Kafamı salladığımda yaklaşarak ıslak olmasını umursamadan bir yatak gibi görünen, birleştirdiğimiz geniş şezlonglarda oturduğum yerden ona doğru uzandım ve sarıldım.

Louis saçlarımı koklayarak öptüğünde beni göğsüne doğru bastırdı. "Sen benim herşeyimsin, Harry. Üzülmene dayanamam."

Az önce gördüklerimi unutmuştum şimdi. O ekranda gördüğüm adamın kolları arasındaydım ve ikimiz birbirimize aittik. Birbirimizi ne kadar sevdiğimizi hem çok iyi biliyor, hem de bilemeyecek, tahmin bile edemeyecek kadar çok seviyorduk.

"Aşk öyle basit kalıyor ki, Harry. Ne hissettiğimi bir bilsen korkup kaçarsın."

Güldüğümde çıplak göğsünü öptüm.

"Bu kadar çok seviyorum!" diyerek ellerimi havaya doğru bir çocuk gibi büsbüyük açtığımda ikimiz de güldük ve ona sarılırken sıkabildiğim kadar sıktım.

"İçime sokasım geliyor seni!"

Louis bir an durup gülmeye başladığında anlamayarak göğsünden yukarı doğru yüzüne baktım ve gülüşünü izledim. Tam şu an bayılabilirdim ama zaten buna gerek olmadan bilincimi kaybetmiştim.

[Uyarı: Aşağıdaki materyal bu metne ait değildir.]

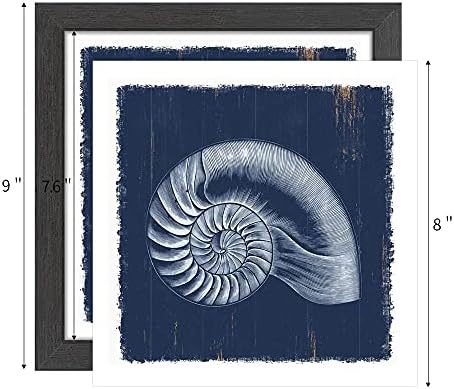Снимка на sunflax Sea Life в рамка: Тематична колекция Океан, Комплект от 9 артистични щампи Галерия, Стенен интериор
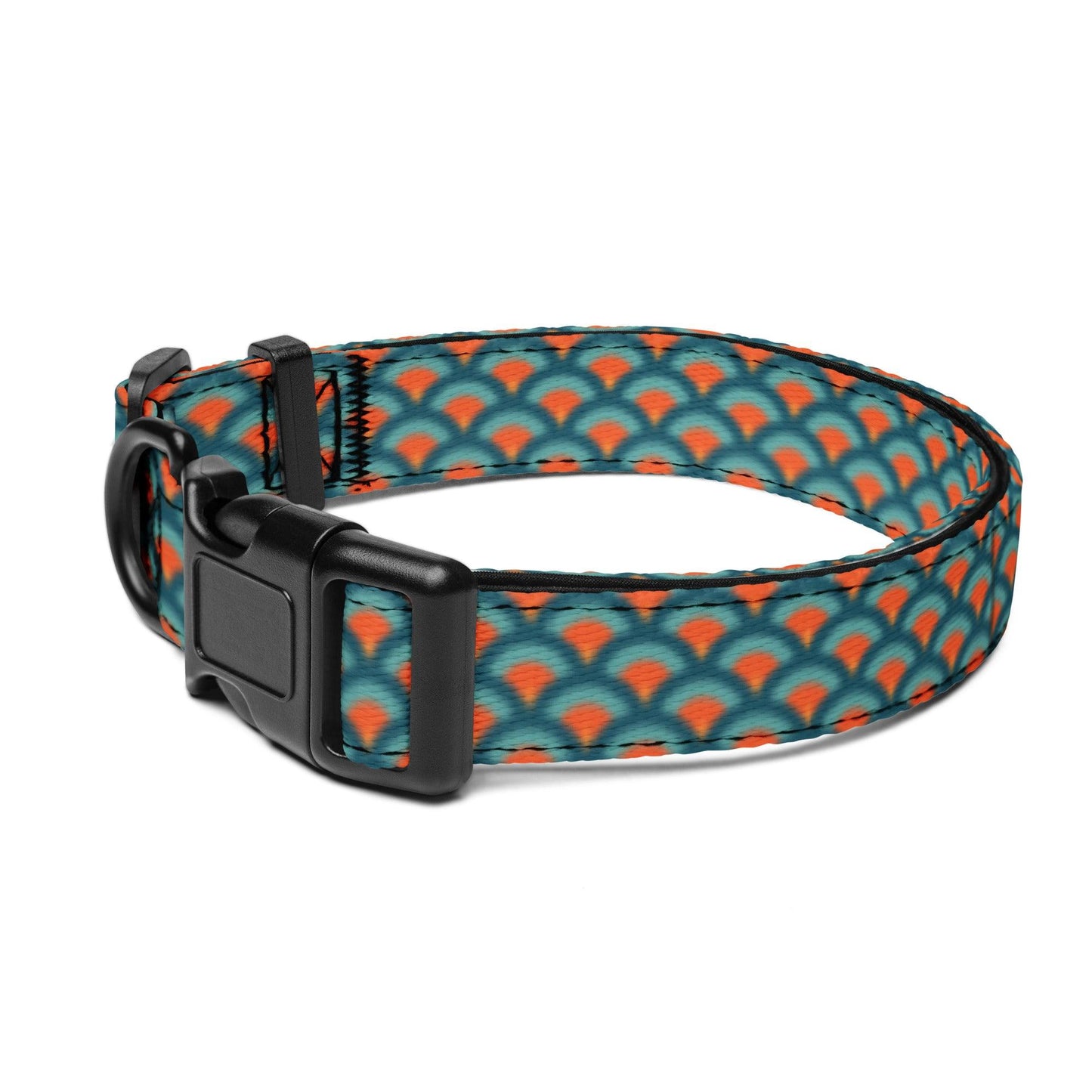 Adjustable Pet Collar with Vibrant Pattern and Secure Buckle Ships Free - Weird Wembley's Leashes & Collars 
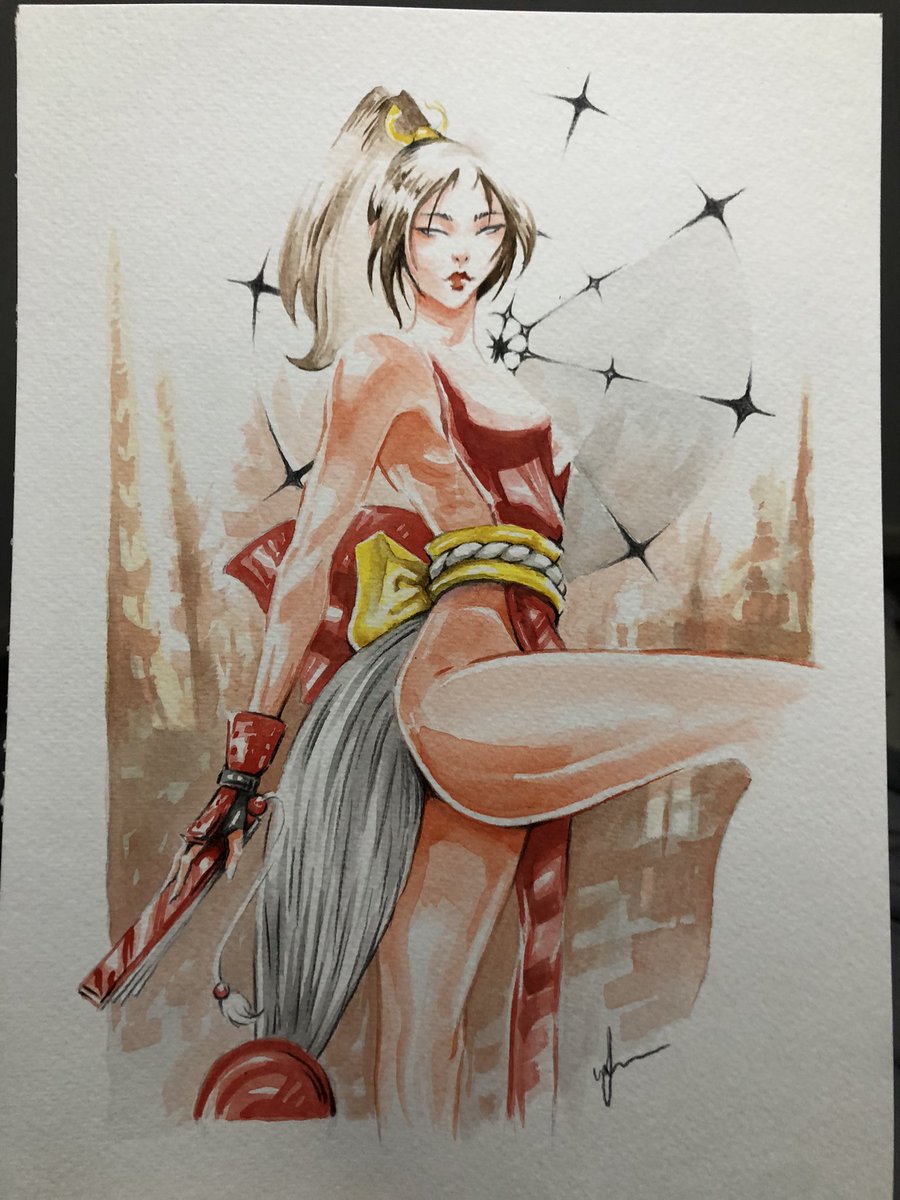 Mai Shiranui - Watercolor 

#mai #MaiShiranui #Kof #sf6 #snk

Söylediğimi kendi içimden tekrarladığımda neden güldüğünü anlayarak sarılmayı bırakarak kaşlarımı çattım.

"Bebeğim zaten sokuyorsu-"

Ellerimle hızla ağzını kapattığımda utanarak kaçmak için şezlongda arkamı dönüp dizlerim üstünde emeklemeye başladığım sırada beni yakaladı ve gülmeye devam ederken kucağına çekti.

"Tanrım, bir insan utanırken bile beni bu hale nasıl getirebiliyor?!"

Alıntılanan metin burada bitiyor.